To simplify the experiment, Wickens et al. used a memory set of 2 or 4 items.
And what they found was, for the comparisons involving STS (those without the
distractor task), people in their experiment showed exactly the same comparison
times as Sternberg's subjects. But, when the distractor task was used, people
were generally about one tenth of a second slower. And that was true both for
a memory set of two items and a memory set of four items.
Why was this an important finding? In the STS experiment, it looks like you
store 2 or four chunks depending on the size of the memory set, and it looks
like each chunk is a single letter. If you store single letters in LTM, then
when you have to search a memory set of two items, you will first have to
locate each item in LTM, retrieve it into STS, and then do a normal search.
But when you have four items, you will have to locate and retrieve four items.
In general, the model is: locate the desired information in LTM, copy it to
STS (where we do our active thinking), and then search STS. So, according to
this model, your response times should be as indicated in the chart:
Size of Memory Set
2 4
----------------------------------------------------------------
Number of LTM
Retrievals: 2 4
Number of STS
Comparisons: 2 4
----------------------------------------------------------------
So, if 2 retrievals takes .1 sec, then 4 retrievals from LTM should take
double that amount (.2 sec). But of course, this didn't happen. And the
reason is, apparently people created new chunks/episodes in LTM. Specifically,
the entire list in STS became a single chunk stored in LTM, so that all you
had to do was locate that one chunk (your list of 2 items for the memory set
2 condition, and your list of 4 items for the memory set 4 condition), copy
it to STS, and then search STS normally.
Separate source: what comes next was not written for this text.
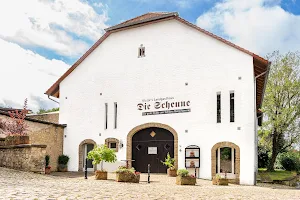 Victor's Residenz-Hotel Schloss Berg image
In this experiment, the time it
took to locate and retrieve a list from LTM was .1 second. So, STS and LTM
do NOT necessarily chunk information in the same sorts of ways.
Given this, let's briefly close out this section by considering several studies
that involve a very important finding that seems to require both STS and LTM,
the serial position effect.
a. The Serial Position Effect
One of the major findings (for which there really still is no explanation that
we all agree on) is the serial position effect (SPE). This has to do with your
memory for a relatively long list of words, long enough (say 16 or 25 or
something like that) that they can't all possible fit into STS. The SPE is
the finding that memory is best for the first couple of words (the primacy
effect), and the last couple of words (the recency effect), but is so-so for
the words in the middle (asymptote). Specifically, you'll typically show
better memory for the first word than the second, and you'll have better
memory for the second word than for the third, etc. In analogous fashion,
your memory for the last word will usually be better than your memory for the
next-to-last word, which will usually be better than your memory for the word
that came before it.
Why is this important? According to multistore theorists like Glanzer, the SPE
is really two different results that reflect the operation of two different
memory systems. Specifically, primacy and asymptote are thought to be due to
LTM, and recency is thought to be due to STS. So, when the list finishes, you
still have a few words echoing around in your STS, and you tend to dump those
out first (accounting for recency). As for primacy and asymptote, we need to
add in one more wrinkle to the multistore model to explain how they work.
That one more wrinkle is the concept of rehearsal. In Atkinson & Shiffrin's
model, rehearsal is the mechanism necessary for creating permanent memories in
LTM. Specifically, the more you rehearse an item in STS, the greater the
probability of forming a LTM. (This should be a familiar concept to you from
Wagner's model of classical condition: Remember the experiments with post-
trial episodes where Wagner tried to disrupt rehearsal?). So, when we add in
a model of rehearsal, primacy and asymptote start to make sense. Why? Because
when you hear the first word, you start rehearsing it over and over. As it is
the only word in STS, it is getting all the rehearsals and all the attention.
Then, the second word comes in, and it starts getting rehearsed, as well. But,
the rehearsals are now being split two ways, since there are two words in STS.
That means that the second word is going to get fewer rehearsals that the first
word, and that, in turn, means that the first word should have a greater
probability of making it to LTM, or of being stronger in LTM. And of course,
once the third word comes in, you split your rehearsals three ways so that the
third word gets even fewer rehearsals, and is weaker.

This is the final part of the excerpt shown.